During this period after the coup (1966-1971) he continued to write on the history of Africa and the revolutionary movement for Pan-Africanism and world socialism.
The Contributions of Kwame Nkrumah
Despite the coup against Nkrumah on February 24, 1966 in Ghana, his legacy in Africa and throughout the African world continues. His views on the necessity of coordinated guerrilla warfare to liberate Africa was realized in the sub-continent during the 1970s and 1980s, when the settler-colonial regimes of Rhodesia and eventually South Africa were defeated.
The role of Cuba in the liberation and security of Angola was clearly in line with the notions advocated by Nkrumah, which upheld the view that until settler colonialism was destroyed, the entire continent of Africa would not be secure.
Even though the realization of a United States of Africa is still
far away, this issue continues to be discussed broadly on the continent and in the Diaspora. In Ghana, Nkrumah's legacy was utilized in both a positive and negative manner by the successive regimes that took power after his departure. These regimes are compelled to use his image and legacy, despite their refusal to adopt the CPP program in its totality.
In the United States and throughout the Diaspora, a greater identification with Africa has occured over the last thirty years. The African community in America and the Caribbean played an instrumental role in the solidarity struggle with the national liberation movements in Southern Africa during the 1980s and 1990s.
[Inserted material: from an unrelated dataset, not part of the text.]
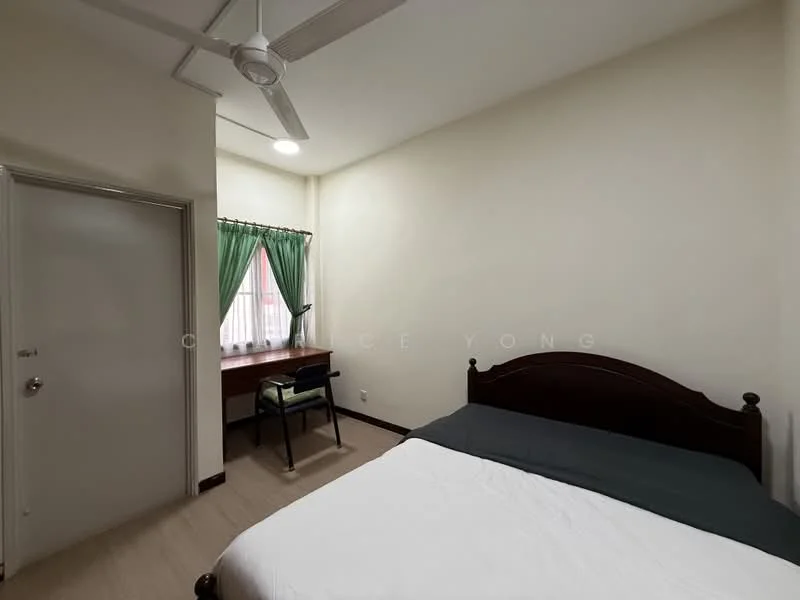 Bedroom features: queen-size bed with dark wood headboard, white bedding, wooden flooring, green curtains, desk with chair, window with natural light, ceiling fan, light-colored painted walls, door to hallway; style: minimalist.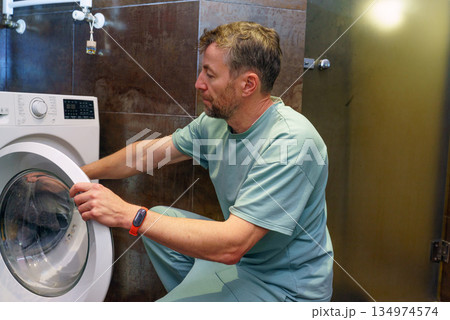 Middle-aged man loading a front-load washing machine in the bathroom. Household chores concept 134974574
Nkrumah's views on the necessity of African unity have been prophetic in light of the continuing underdevelopment of the continent and the phenomena of domestic neo-colonialism in the United States and the Caribbean.
Consequently, the legacy of Nkrumah is still relevant to the present day struggle of African peoples around the world.
A greater understanding of his ideas and activities can only benefit the present efforts to create an African world that is genuinely independent and self-determined.